澹台凝霜窩在他懷裡,指尖無意識地絞著他玄色朝服的衣襟,聲音輕得像飄落的雪:“其實那天去白馬寺,方丈見了我,撚著佛珠歎著氣說……說我天生與佛光相悖,是陰曹裡養出來的魂,在寺裡多待一刻,都像是往烈火裡撲,久了是要折壽的。”
她頓了頓,忽然抬起頭,鳳眸裡亮閃閃的,帶著點邀功般的得意:“可我覺得值啊。隻要能護著陛下平平安安,折幾年壽算什麼?”
這話像一把淬了冰的錐子,狠狠紮進蕭夙朝的心口。他猛地收緊手臂,將她勒得幾乎喘不過氣,喉間湧上一陣腥甜,硬生生被他咽了回去。應龍的心肝本是萬年玄鐵所化,刀劈斧鑿都難動分毫,此刻卻像是被人生生攥在手裡,揉得粉碎,又撒上一把鹽,那疼順著血脈蔓延,連指尖都在發顫。
他低頭看著懷裡人的臉,她眼底的認真那麼純粹,仿佛在說一件再尋常不過的事。可他比誰都清楚,萬鬼妖王的壽元雖長,卻最忌佛光侵蝕——那不是簡單的折壽,是硬生生從魂魄裡剜去一塊,每分每秒都在灼燒神魂。
“你這個……傻子。”蕭夙朝的聲音像是從齒縫裡擠出來的,帶著濃重的鼻音,他抬手撫上她的臉頰,指腹摩挲著她細膩的肌膚,那觸感溫溫軟軟,卻燙得他指尖發麻。
他從未想過,這個在萬鬼之中說一不二、抬手便能掀起腥風血雨的妖王,會為了他一句平安,甘願往佛光裡鑽,甘願拿自己的魂魄去賭。
“誰要你用命來換?”他的拇指擦過她的眼角,那裡還帶著起舞時未褪的潮紅,“朕活了這萬萬年,什麼風浪沒見過?一道平安符護得住什麼?護不住朕,卻要折你的壽,這符留著有何用!”
說著,他竟真的要去解腰間的錦囊。
澹台凝霜連忙伸手按住他的手,鳳眸一瞪,帶著幾分嗔怪:“陛下敢扔試試?那是臣妾跪了三個時辰求來的,方丈念了七七四十九遍經才開的光,你若扔了,便是不把臣妾的心意當回事。
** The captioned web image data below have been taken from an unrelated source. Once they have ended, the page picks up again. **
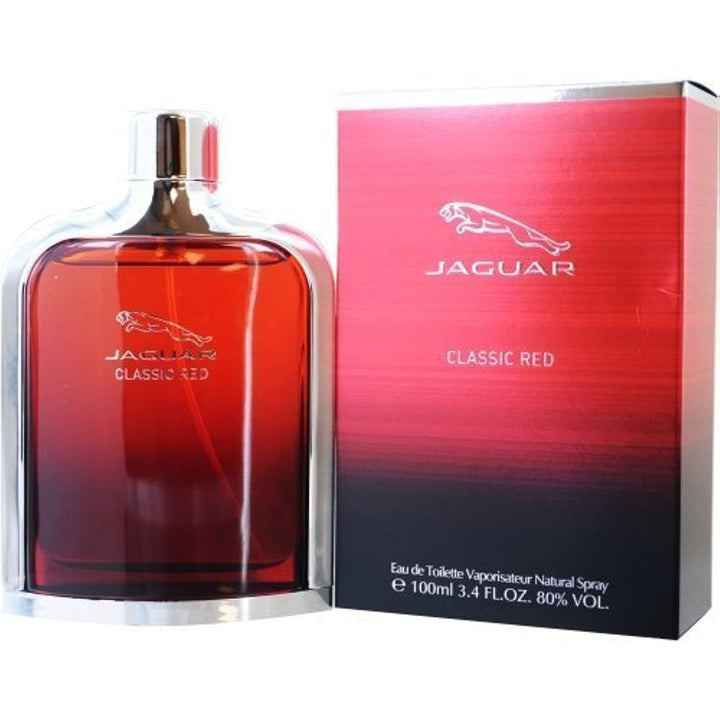 Jaguar Classic Red EDT by Jaguar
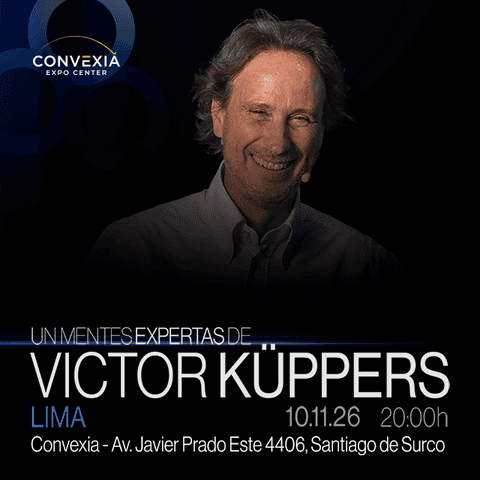 Víctor Küppers Mentes Expertas “Vivir Con Alegría”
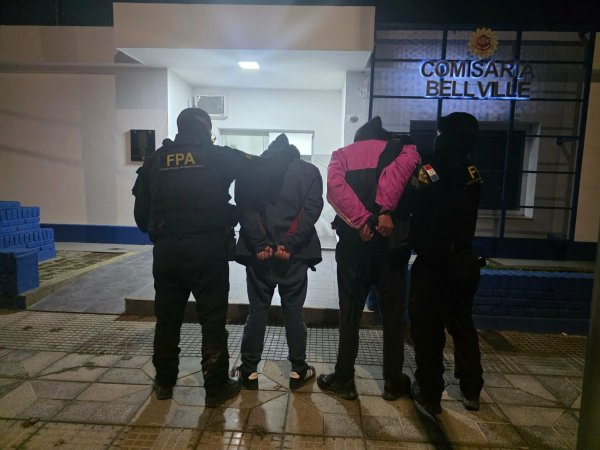 BELL VILLE: PATRULLAJES PREVENTIVOS DE LA FPA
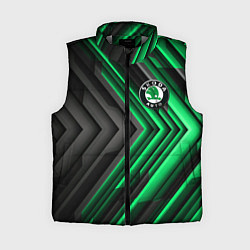 Женский жилет Skoda строгий стиль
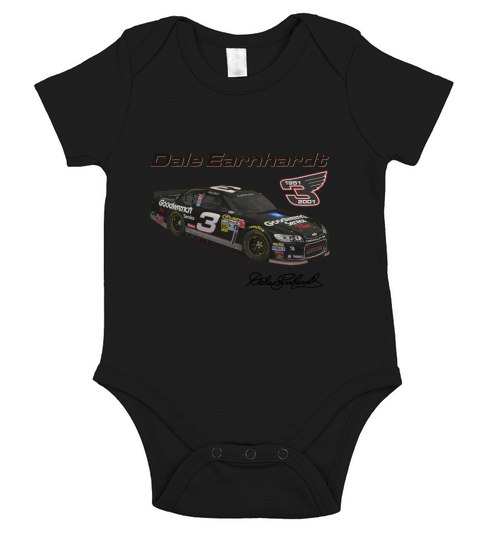 Dale Earnhardt Short Sleeve Baby One-Piece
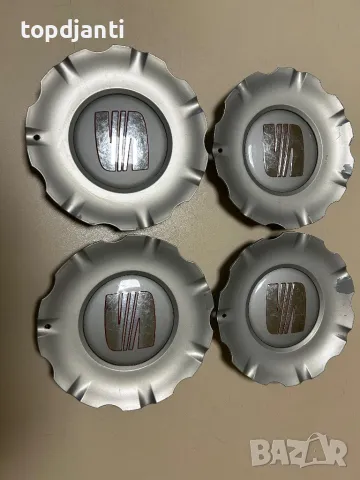 4бр. капачки Сеат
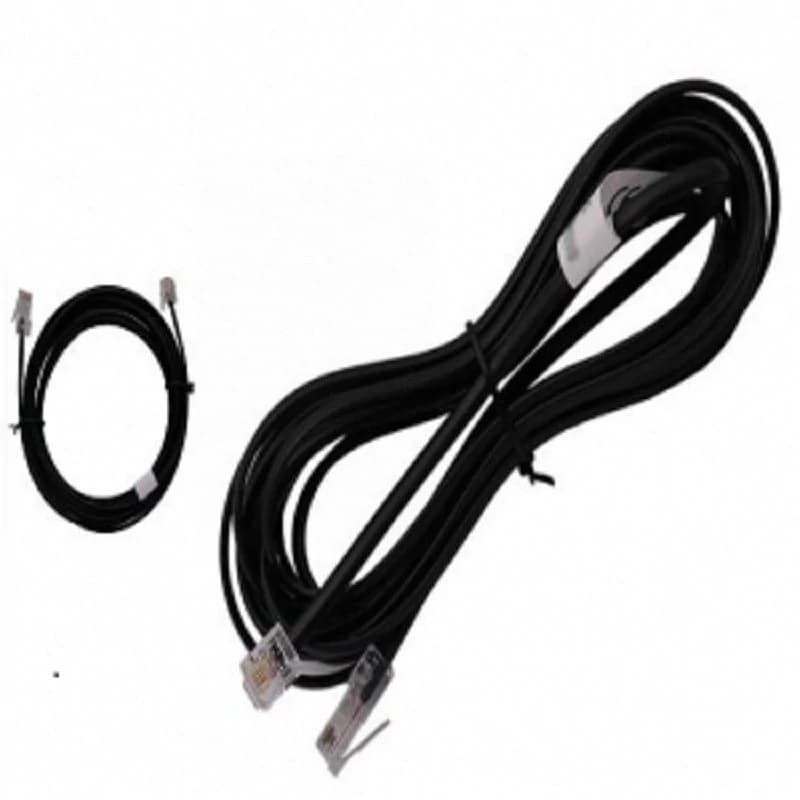 کابل رابط RJ11 به Rj45 تبدیل سوکت تلفنی به شبکه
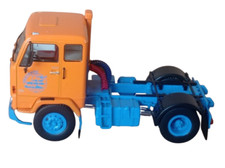 MINIATURE TANKER TRUCK VOLVO F88 DEUTRANS 1/43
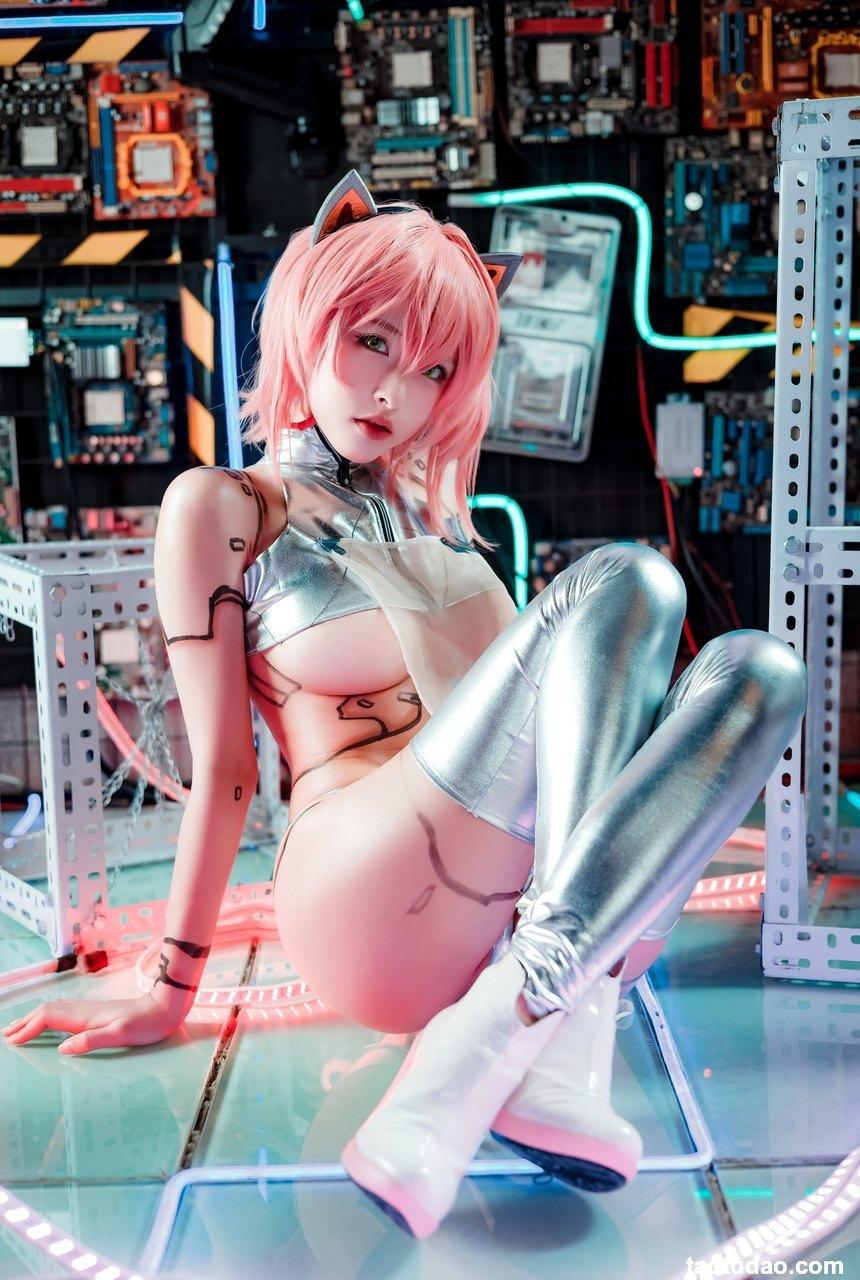 清水由乃 - NO.37 泰丝机娘 [32P-620MB]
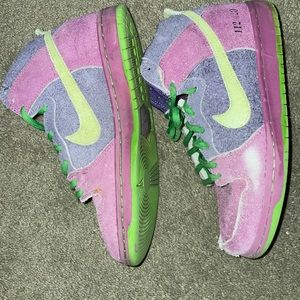 Nike dunk weird high size 7 used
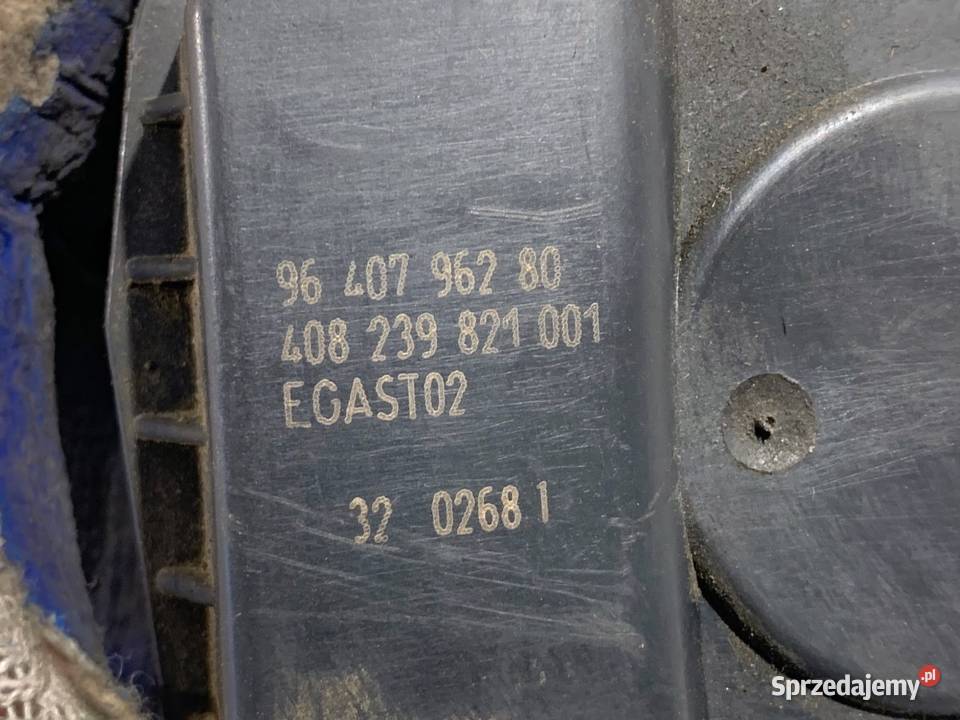 PRZEPUSTNICA PEUGEOT 207 9640796280 14 73 0615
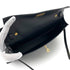 HERMES KELLY ELAN BLACK CHEVRE CHAMKILA CLUTCH SHOULDER BAG 2023 B GOLD HARDWARE 90317733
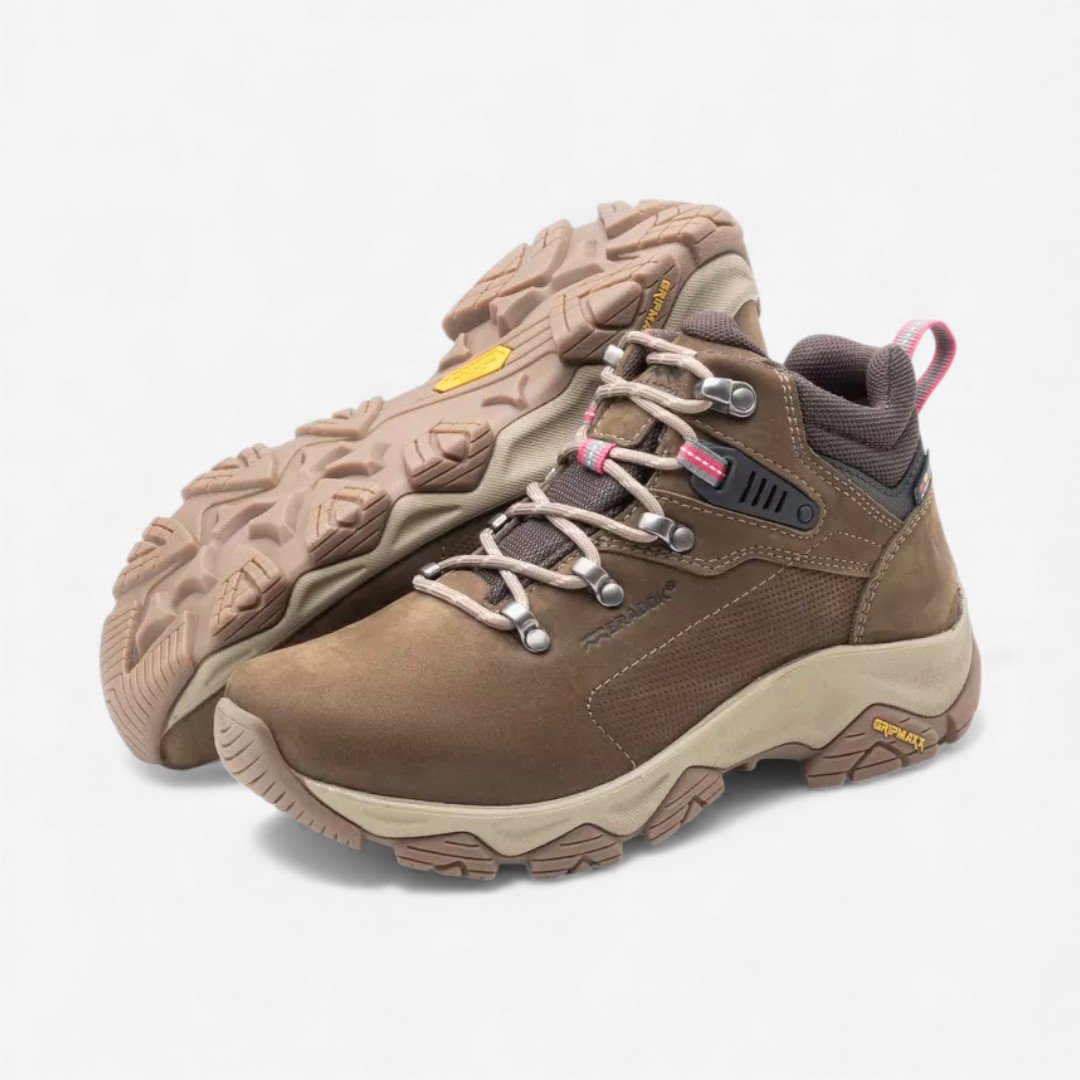 Bota Adventure Bradok Zion Hi W Marrom Claro Marrom 4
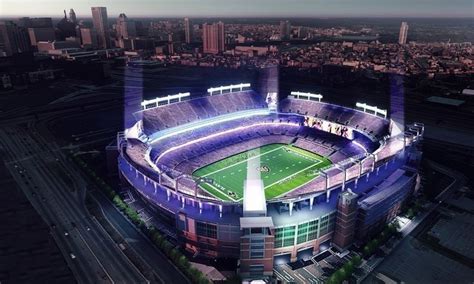 M&T Bank Stadium | Estadios, Arquitectura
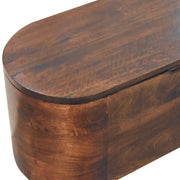 Rounded Lid Up Blanket Box - R&R Furniture Gallery (Fountain Valley, CA)
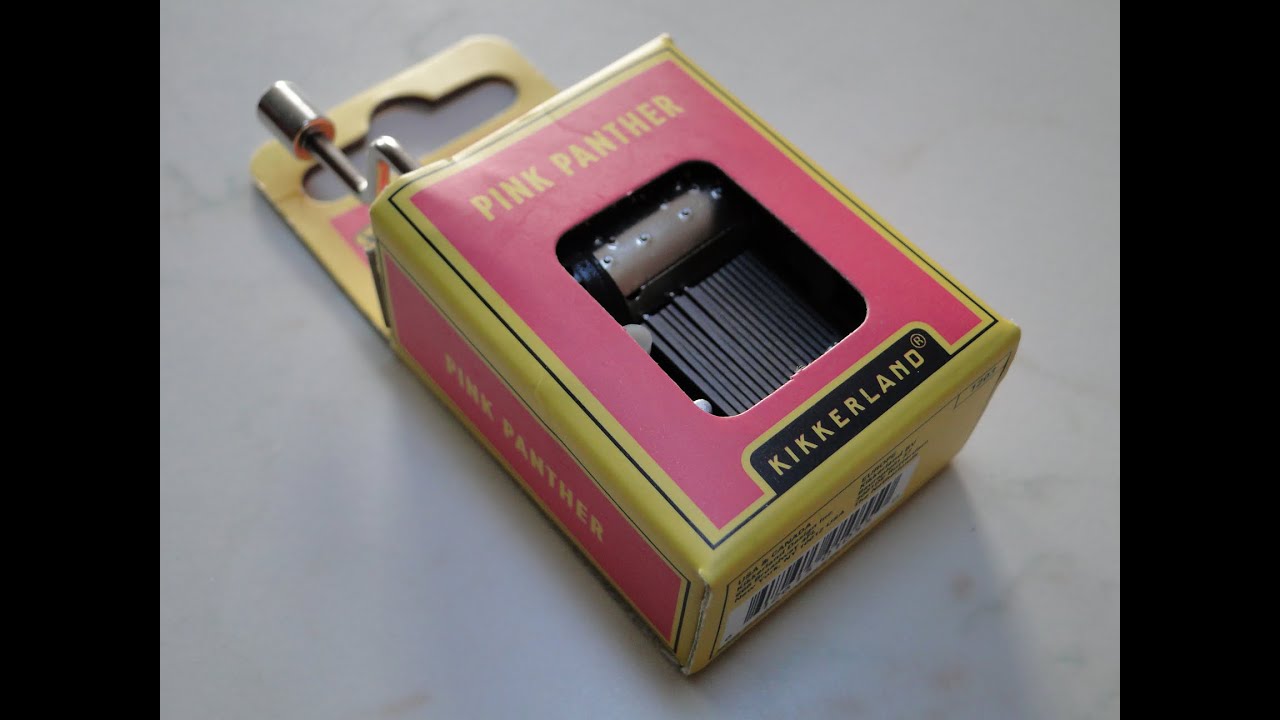 Pink Panther Crank Music Box Kikkerland Youtube - Pink Panther Crank Music Box Kikkerland pink panther crank music box kikkerland youtube - pink panther crank music box kikkerland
”
她的指尖冰涼,按著他的力道卻很執著。蕭夙朝看著她眼底的倔強,那股子心疼又翻湧上來,堵得他心口發悶。他反手握住她的手,將那微涼的指尖按在自己溫熱的掌心焐著,聲音低啞得像蒙了層霧:“三個時辰……佛光最盛的時候,你就跪在那裡?”
澹台凝霜抿了抿唇,沒應聲,算是默認了。
蕭夙朝閉了閉眼,再睜開時,眼底的紅意更甚。他忽然彎腰打橫將她抱起,大步走向內殿的軟榻,將人小心翼翼地放在榻上,自己則俯身撐在她上方,鼻尖抵著她的鼻尖,聲音裡帶著連自己都未察覺的脆弱:“凝霜,答應朕,往後不許再做這樣的事。朕不要你的命來換平安,朕要你好好的,比朕活得還長久。”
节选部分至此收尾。